The nature of our data, which consist of mainly users ratings, suggests that the use of the latter is appropiate for the baseline model. In this way, the use of **similarity measures** and **matrix factorization (SVD)** comes to mind immediately.

However, matrix factorization has some limitations. If we consider our input $x$ as an initial user query, it will be difficult to use side features and, as a result, the model can only be queried with an user or item present in the training set. There's also the relevance of the recommendations that we just talked about. Popular items tend to be recommended for everyone, especially when using dot product as a similarity measure. It is better to capture **specific user interests**.

**Deep neural network (DNN)** models can address these limitations of matrix factorization. DNNs can easily incorporate query features and item features (due to the flexibility of the input layer of the network), which can help capture the specific interests of a user and improve the relevance of recommendations. The input to a DNN can include:

* **Dense features**: Watch time (which we don't really have access to), ratings...

* **Sparse features**: For example, watch history and country.

In summary, we have the following:

* **Matrix Factorization** is usually the better choice for large corpora. It is easier to scale for an input matrix which is sparse as ours, cheaper to query, and less prone to the "folding" phenomena.

* **DNN models** can better capture personalized preferences, but are harder to train and more expensive to query. DNN models are preferable to matrix factorization for scoring because DNN models can use more features to better capture relevance. Also, it is usually acceptable for DNN models to "fold", since you mostly care about ranking a pre-filtered set of candidates assumed to be relevant.

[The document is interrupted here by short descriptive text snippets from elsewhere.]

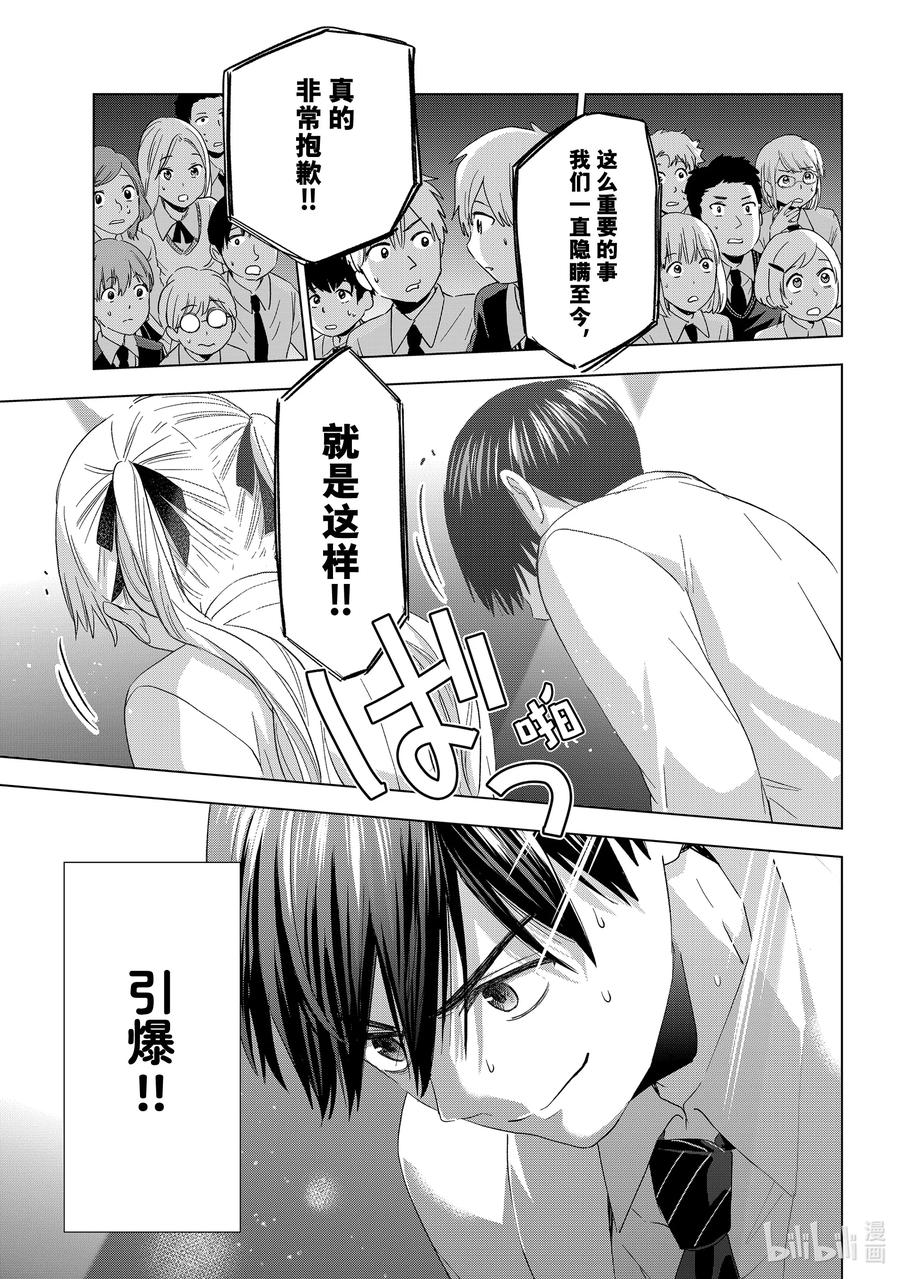 《杜鹃的婚约》107 组合名——「天海之家」 第18页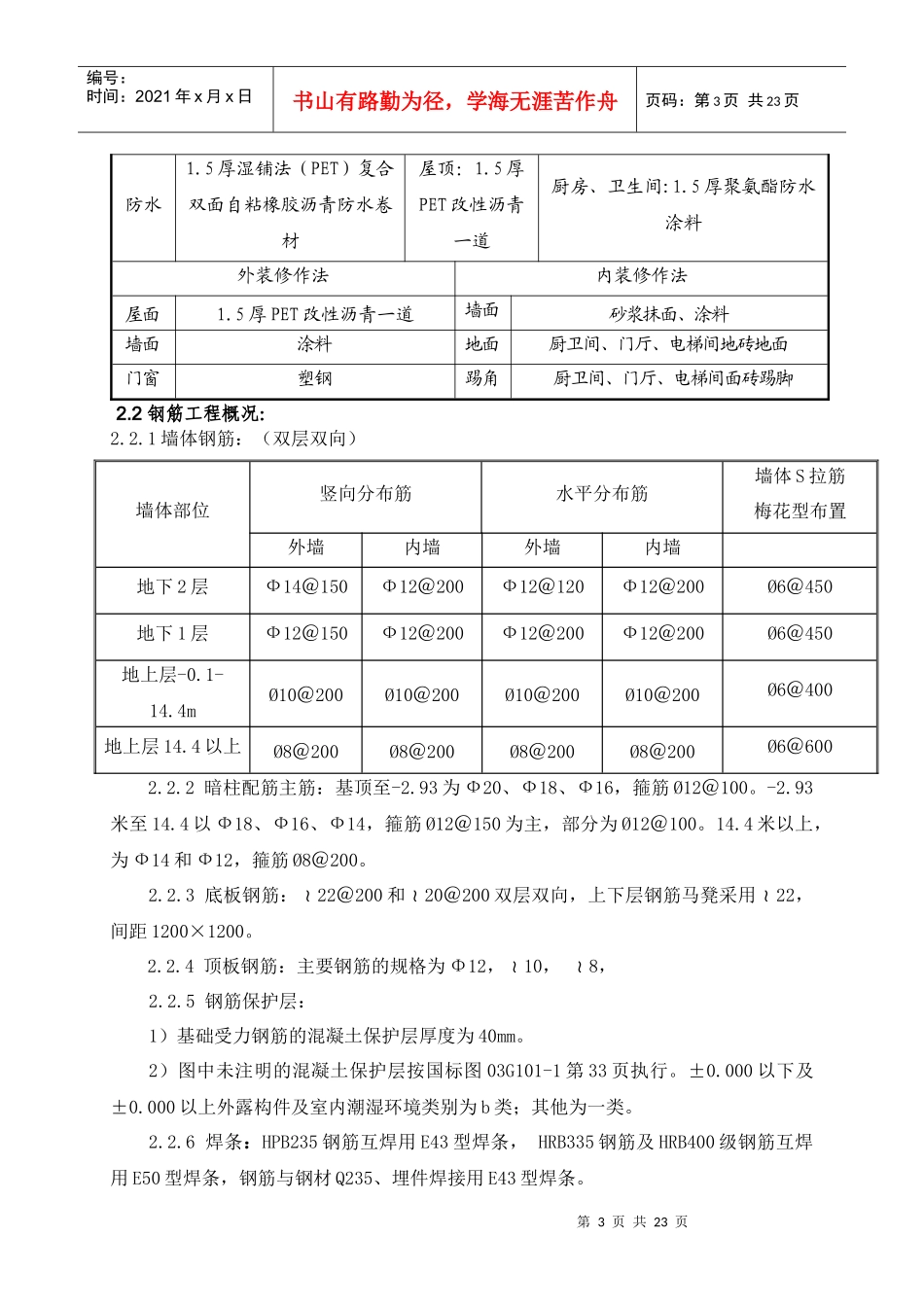 钢筋施工方案11#楼_第3页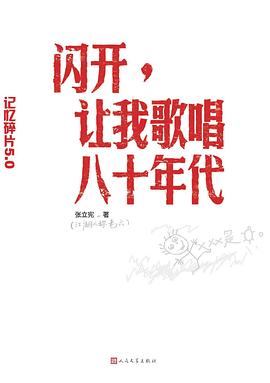閃開,讓我歌唱八十年代 閃開,讓我歌唱八十年代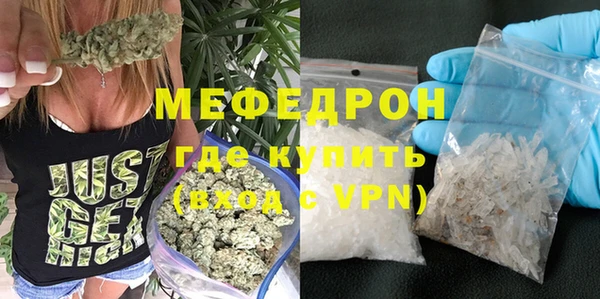 крисы Иннополис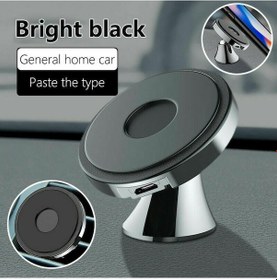 Resim Geartronic 10w Qi Kablosuz Hızlı Araç Şarj Cihazı İphone 12 11 Pro Max İçin Manyetik Montaj Tutucu - 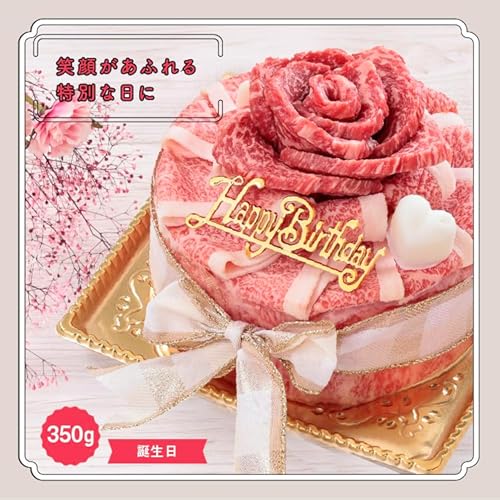 肉ケーキ 2
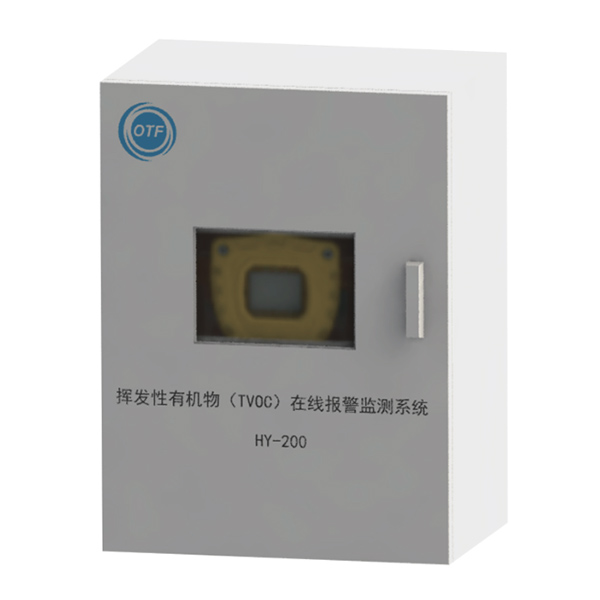 HY-200揮發(fā)性有機物(TV0C)在線報警檢測系統(tǒng)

In this notebook, we will explore the DNN alternative for the movies recommendation and, as our dataset is refined, carry out a meaningful implementation of the model of our choice.

# Model architecture

One possible DNN model is **softmax**, which treats the problem as a multiclass prediction problem in which:

 * The input is the user query.
 
 * The output is a probability vector with size equal to the number of items in the corpus, representing the probability to interact with each item; for example, the probability to watch one movie/director/actor or another.


The model architecture determines the complexity and expressivity of the model. By adding hidden layers and non-linear activation functions (for example, **ReLU**), the model can capture more complex relationships in the data. However, increasing the number of parameters also typically makes the model harder to train and more expensive to serve. We will denote the output of the last hidden layer by $\psi(x)\in\mathbb{R}^d$.

The model maps the output of the last layer, $\psi(x)$, through a softmax layer to a probability distribution $\hat{p}=h(\psi(x)V^T)$ where $h$ is the know softmax function and $V$ is the matrix of weights of the softmax layer. The softmax layer maps a vector of scores $y\in\mathbb{R}^n$ (sometimes called the logits) to a probability distribution.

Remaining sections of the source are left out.